L’oeuvre de George Bellows ne se résume pas uniquement à ses peintures de boxeurs.
Jusqu’au 18 février 2013, en collaboration avec le National Gallery of Art de Washington et le Royal Academy of Arts de Londres, le Met a réussi à rassembler l’intégralité des oeuvres de ce peintre réaliste majeur du XXe siècle. Cette rétrospective complète de sa carrière est la première depuis 1966. On y découvre notamment les nombreux paysages urbains, les scènes de guerre et les portraits peints par l’artiste. Sans oublier ses illustrations, réalisées à l’aide d’une technique encore peu utilisée à l’époque: la lithographie. Elles occupent deux pièces.
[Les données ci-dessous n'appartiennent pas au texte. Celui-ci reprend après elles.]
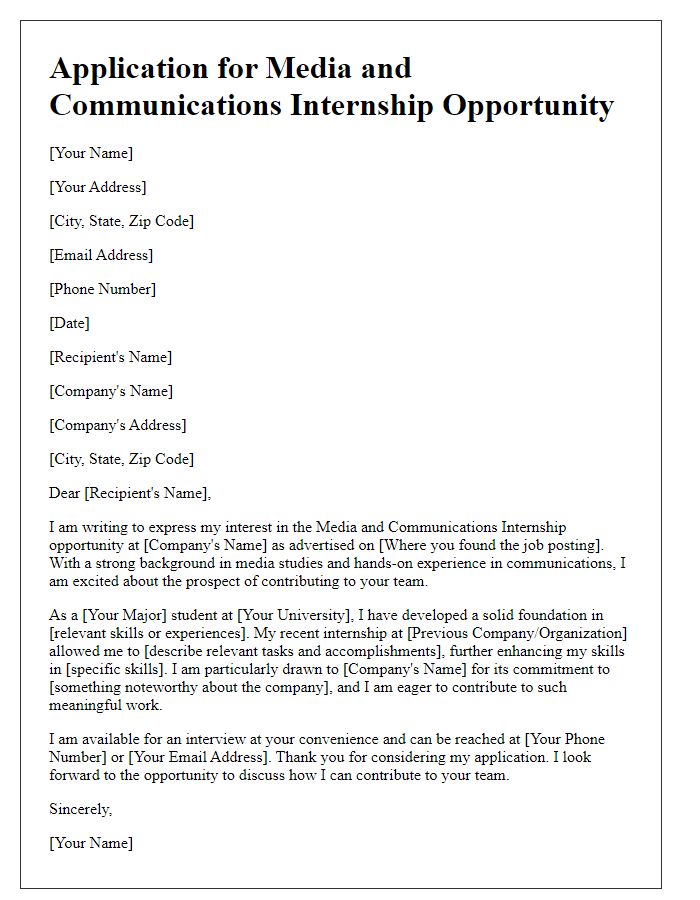 Letter template of Application for Media and Communications Internship Opportunity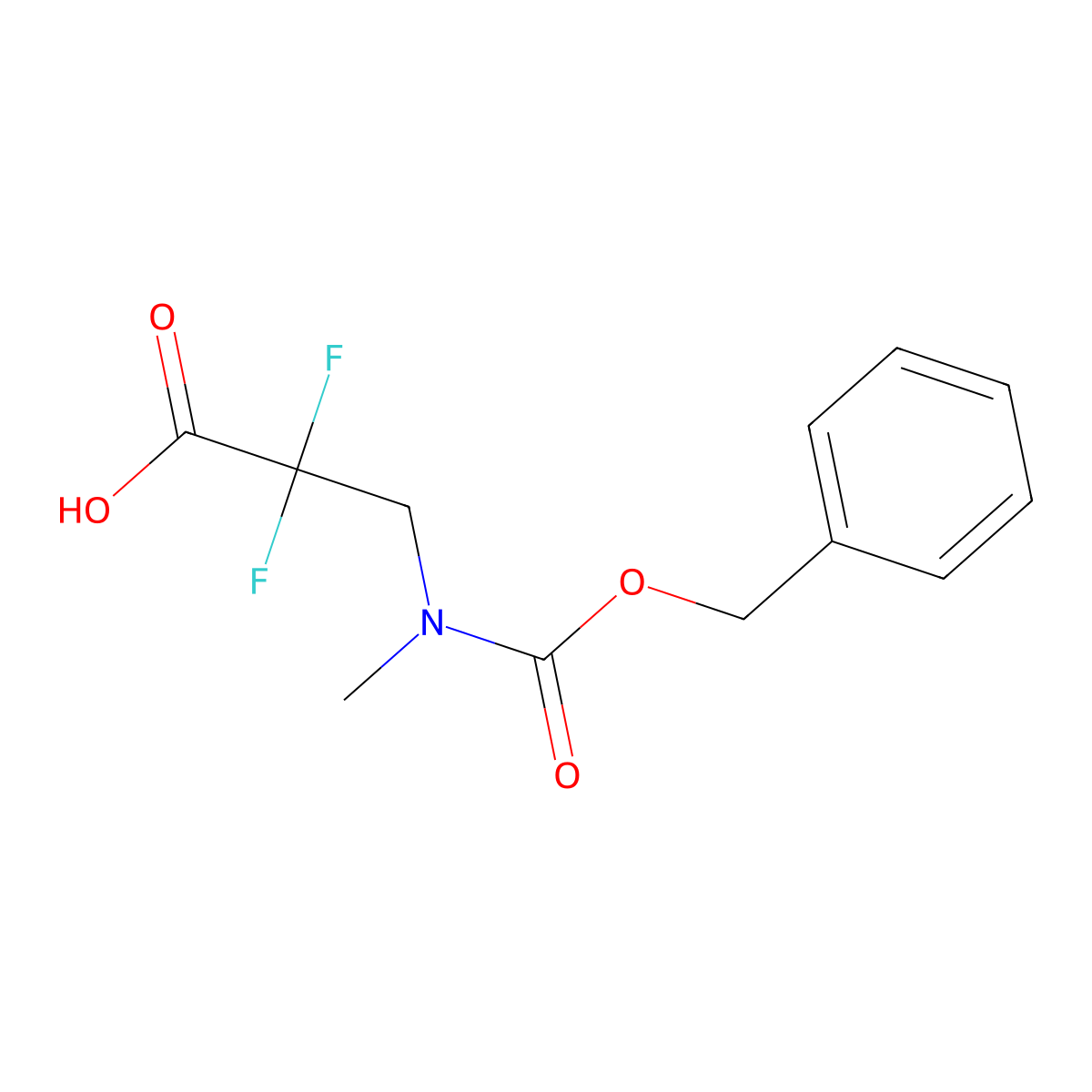 3-{[(Benzyloxy)carbonyl](methyl)amino}-2,2-difluoropropanoic acid molecular structure, CAS 2639450-79-4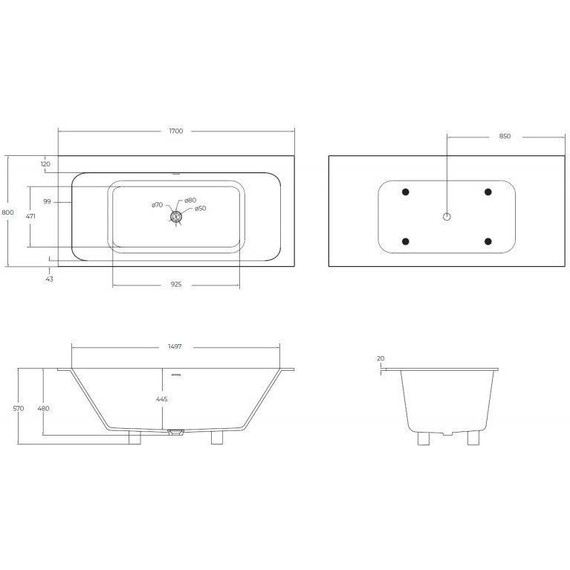 Ванна отдельностоящая Cezares Slider 170x80 см CZR-SLIDER-170-80-57-SSB, белый матовый - фото 6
Ses peintures sont autant de témoignages de l’Histoire, celle de l’Amérique au tournant des XIXe et XXe siècle, entre fin de la Guerre de la Sécession et essor du capitalisme fou. L’exposition retrace la carrière de Bellows, ponctuée de ruptures, d’oppositions et de contrastes. Elle montre à la fois son travail sur le réalisme et son goût pour l’expérimentation.
Si les fameuses peintures de boxeurs sont présentées, l’exposition donne aussi l’opportunité au visiteur de plonger dans le New York du début du XXe siècle. Car Bellows est aussi un peintre de New York, qu’il a peint et dépeint entre 1905 à 1908. Ses peintures new-yorkaises représentent un tiers de l’exposition. L’une de ses plus fameuses peintures, “New York”, montre les premiers gratte-ciel fleurir dans Manhattan, surplombant des piétons qui fourmillent le long des trottoirs, au milieu des charrettes et des chariots de livraison.
Après avoir peint plusieurs scènes d’enfants qui s’amusent le long des rives de l’East River à Manhattan, Bellows s’est tourné vers Brooklyn. Dans son tableau “Beach at Coney Island”, on voit des New-Yorkais en maillot de bain et en habits d’été profitant de la chaleur estivale pour pique-niquer ou se dorer au bord de l’Atlantique. Signe d’une société de plus en plus libérée.
Le côté sombre de la ville n’échappe pas non plus à l’oeil aiguisé du peintre. Né en 1882 à Columbus (Ohio), Bellows s’installe dans la Grosse Pomme en 1904, pour étudier les arts, dans le sillon de Robert Henri et de ses disciples de l’école Ashcan, qui s’attachent à représenter la précarité de la vie quotidienne new-yorkaise. A cette époque, on se pressait aux portes de New York, symbole d’un jour nouveau et d’un avenir radieux. Les exclus de ce rêve furent nombreux. Dans « River Rats » (1906), Bellows montre ces jeunes hommes, pauvres, qui n’ont d’autre solution que de se baigner dans les eaux sales de l’East River pour échapper à la canicule. Ils devaient descendre une dangereuse falaise – peut-être entre les 20e et 40e rues – pour gagner la rivière.
Dans « Steaming Streets », il dépeint le chaos qui régnait dans les rues de la ville au tournant du siècle. Dans ce tableau sombre, on voit un homme tentant de maîtriser ses deux chevaux à côté d’un « trolley », les tramways de l’époque, sous les yeux de piétons. Dans ce tableau, c’est toute la schizophrénie new-yorkaise qui s’exprime : XIXe contre XXe siècle, tradition contre innovation, passé contre futur. Une exposition à ne pas manquer.